First person singular subject | Second person singular subject | Third person singular subject |
---|---|---|
* | asavarma love-2SG/1SG "You love me" | asavaanga love-3SG/1SG "He/she/it loves me" |
asavakkit love-1SG/2SG "I love you" | * | asavaatit love-3SG/2SG "He/she/it loves you" |
asavara love-1SG/3SG "I love him/her/it" | asavat love-2SG/3SG "You love her/him/it" | asavaa love-3SG/3SG "He/she/it loves him/her/it" |
* | asavatsigut love-2SG/1PL "You love us" | asavaatigut love-3SG/1PL "He/she/it loves us" |
asavassi love-1SG/2PL "I love you (pl.)" | * | asavaasi love-3SG/2PL "He/she/it loves you (pl.)" |
asavakka love-1SG/3PL "I love them" | asavatit love-2SG/3PL "You love them" | asavai love-3SG/3PL "He/she/it loves them" |
The table below gives the basic form of all the inflexional suffixes in the indicative and interrogative moods. Where the indicative and interrogative forms differ, the interrogative form is given second in brackets. Suffixes used with intransitive verbs are in italics, while suffixes used with transitive verbs are unmarked.
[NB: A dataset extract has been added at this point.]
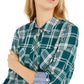 Tommy Hilfiger Top feminino de algodão xadrez popover verde tamanho XS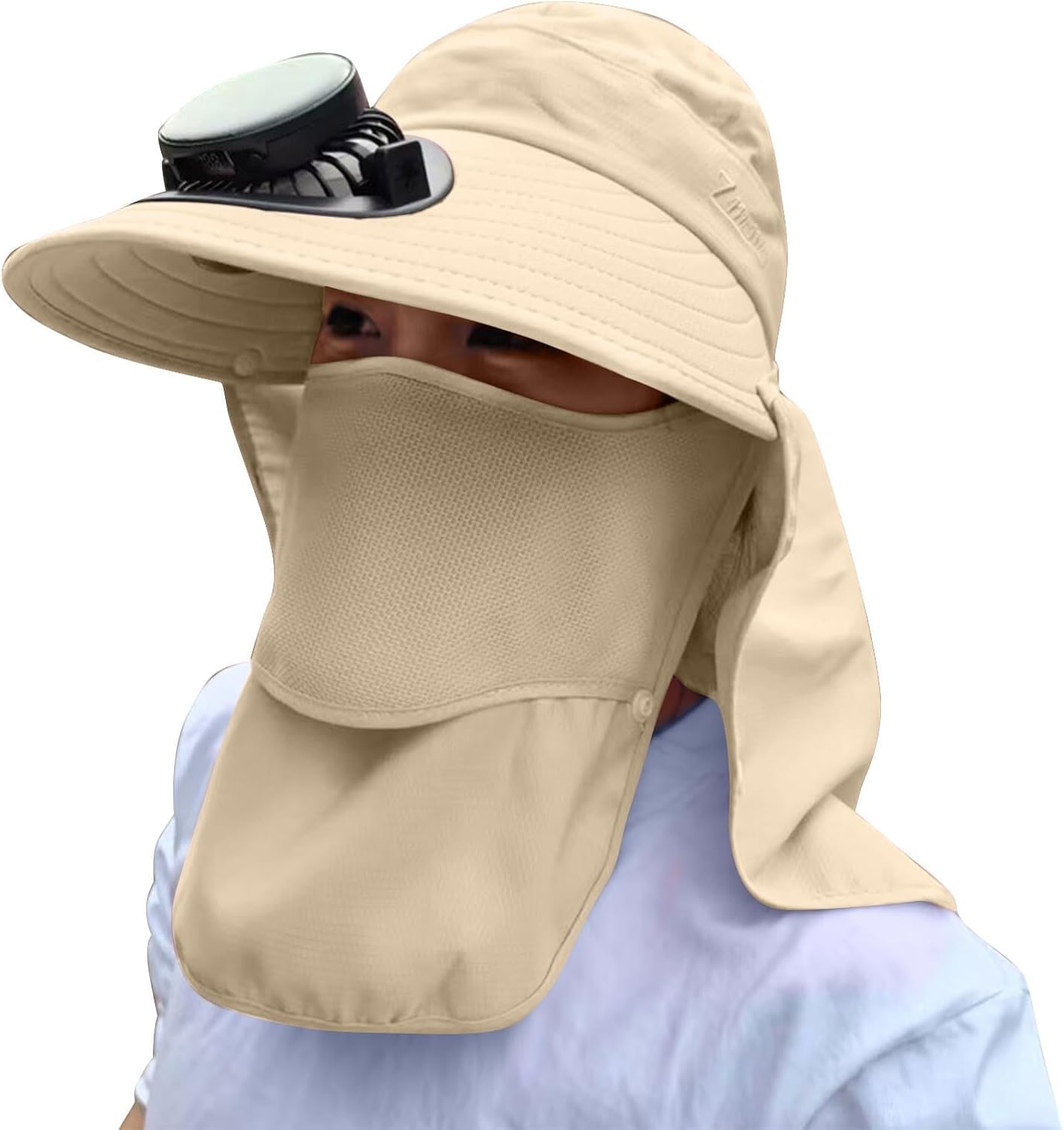 Womens Sun Hat Solar Powered Fan Digital Display Wide Brim Sun Protection Bucket Hat Adjustable Summer Outdoor Cap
Object of transitive verb or subject of intransitive verb | ||||||||
---|---|---|---|---|---|---|---|---|
1st person | 2nd person | 3rd person | ||||||
singular | plural | singular | plural | singular | plural | |||
vunga | vugut | vutit [vit?] | vusi [visi?] | voq [va?] | pput [ppat?] | |||
Subject of transitive verb | 1st person | singular | vakkit | vassi | vara | vakka | ||
plural | vatsigit | varput | vagut | |||||
2nd person | singular | varma [vinga?] | vatsigut [visigut?] | vat [viuk?] | vatit [vigit?] | |||
plural | vassinga [visinga?] | varsi [visiuk?] | vasi [visigit?] | |||||
3rd person | singular | vaanga | vaatigut | vaatit | vaasi | vaa | vai | |
plural | vaannga | vaatsit | vaat | vaat |
Apart from the similarities between forms highlighted in bold,
- all basic forms start with v- except for the 3rd person plural intransitive forms;
- all basic transitive indicative forms have /a/ as their first vowel;
- all basic intransitive indicative forms have /u/ as their first vowel (voq is phonemically /vuq/); and
- all basic forms unique to the interrogative mood have /i/ as their first vowel except for the 3rd person intransitive forms.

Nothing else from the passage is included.